For his part, David felt lost in this new world, so he avoided both his father and brother as much as he could. He would wander among the three rows of trees, evergreens and caraganas, which divided the farm from the road, playing in imagined realms in the shade of the branches. Days when he knew the farm hand was out working or in town, he would take his bike and ride the mile to the Faulkenbourg Place, sitting in one of the rooms on the floor, staring off into nothing. In those long hours he felt it speak to him, its soundless reverberations echoing through the center of his being.

Even as he turned fifteen and started high school, a time when he knew he should have moved beyond these childish things, he continued to venture to the house, its very presence reassuring him. One Sunday, with his father and brother having retreated into their respective worlds and the farm hand gone home for the weekend, he went over to pass the dreary afternoon. He stayed for hours, losing track of time, watching the sun move through the sky by the changing light coming through the windows. Though he knew he should leave, that the farm hand would be returning soon, he could not bring himself to stir from his reverie, until he heard the truck wheels on the driveway.

In an instant he was on his feet, sweat on his forehead and panic in his mind. He stayed frozen for a moment, unsure of what to do, knowing only that he couldn’t go out the front door without being seen. The windows were no good either. He would need time to get their screens off and their being open would be evidence enough of his presence. Had he been a little older and a little more confident he might have met Grant at the door with an apology and some excuse – no butter in the house – which he would likely have accepted without question.

Unable to think of anything else, he fled to the bathroom, climbing into the tub and ducking down so that his head did not peek over the side. This proved to be a poor hiding place, for after the long drive from Bonneyville, the first thing the farm hand did was go to the bathroom. He had his fly unzipped before he noticed David.

“Goddamn Christ,” he said with a jump. For a terrifying moment David thought he was going to hit him. Instead he walked out without saying another word. David could hear him on the phone to his father. He stayed where he was, letting the disaster continue to unfold, knowing that Grant was on the other side of the door if he tried to leave.

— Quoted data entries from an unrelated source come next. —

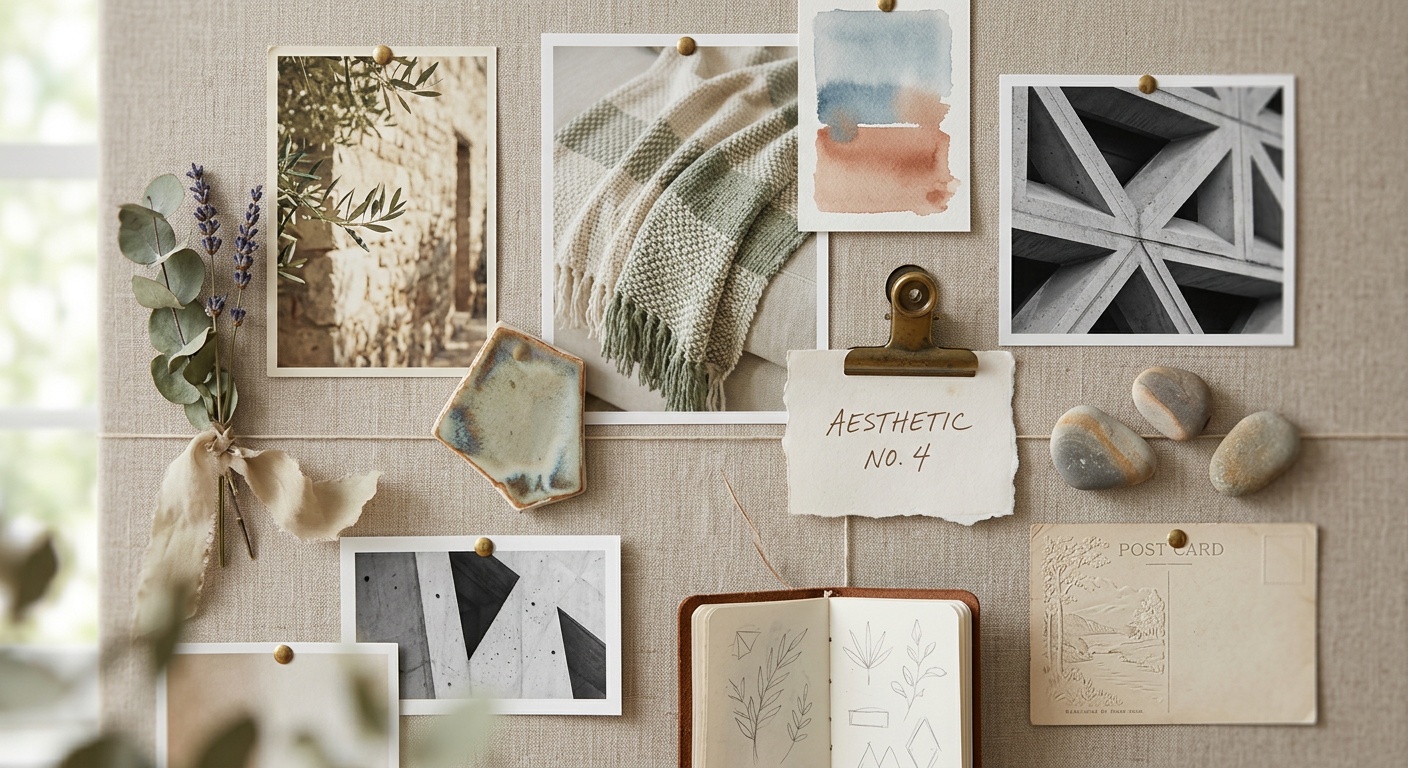Creative marketing agency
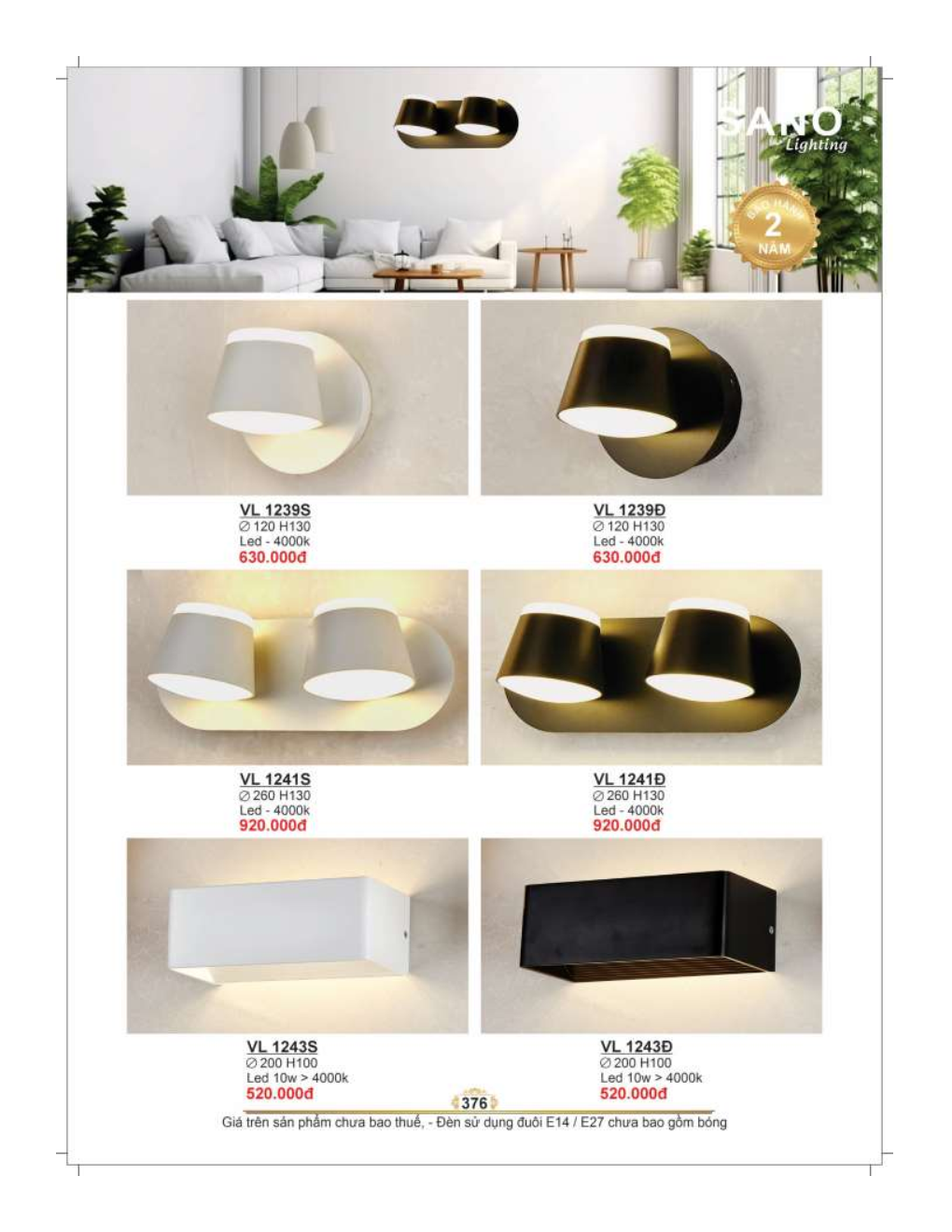 catalog sano 2026 2027..sn page376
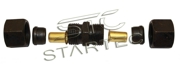 STARTEC I * * * 2
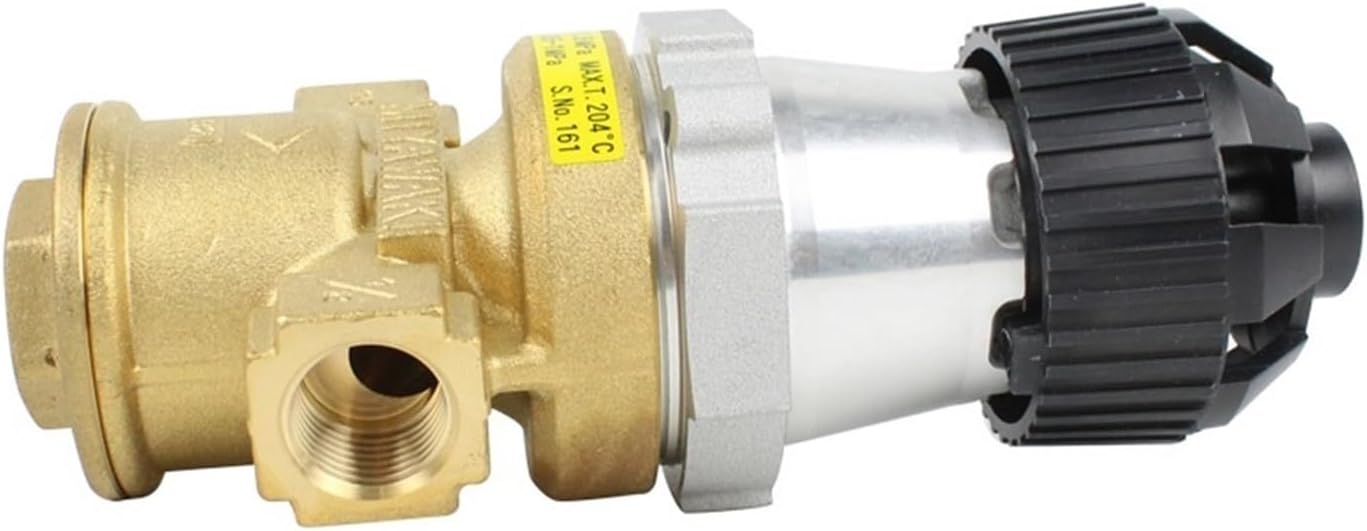 ゆか 直接減圧バルブ圧力減圧バルブ(スチーム用DN15) RE1直減圧弁蒸気用減圧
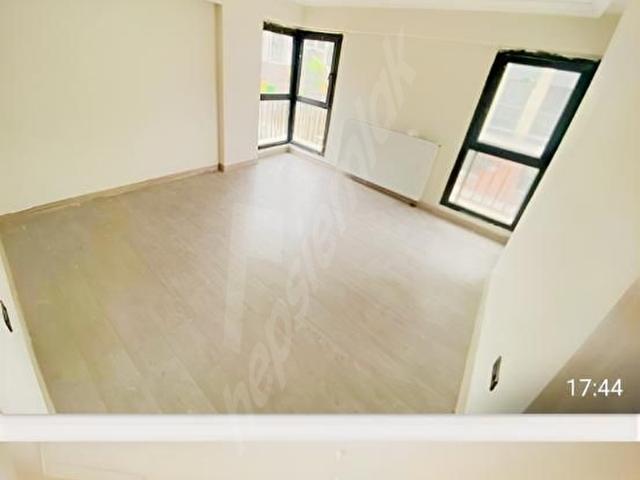 GARANTİDENFIRSATSATILIKTOKİ4 BÖLGEDEYATIRIMLIK3+1DAİRE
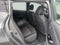 2022 Nissan Leaf SV PLUS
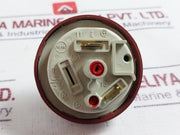 Invensys 209/00007/50 Water Level Switch 250V~ 30/15A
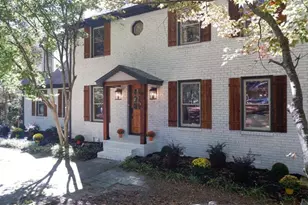 185 Chimney Springs, Tyrone, GA 30290 - Photo 2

In a few minutes he heard another truck pulling into the yard and the front door opening, the screen door clanging against the side of the house. No words passed between the two men and then his father was there, looming above where he lay crouched miserably in the tub. His father leaned down and cuffed him hard on the ear, the other side of his head hitting sharply against the tub. Without needing to be told David got up and followed him out, past Grant whose eyes he could not meet, and then home, neither of them speaking.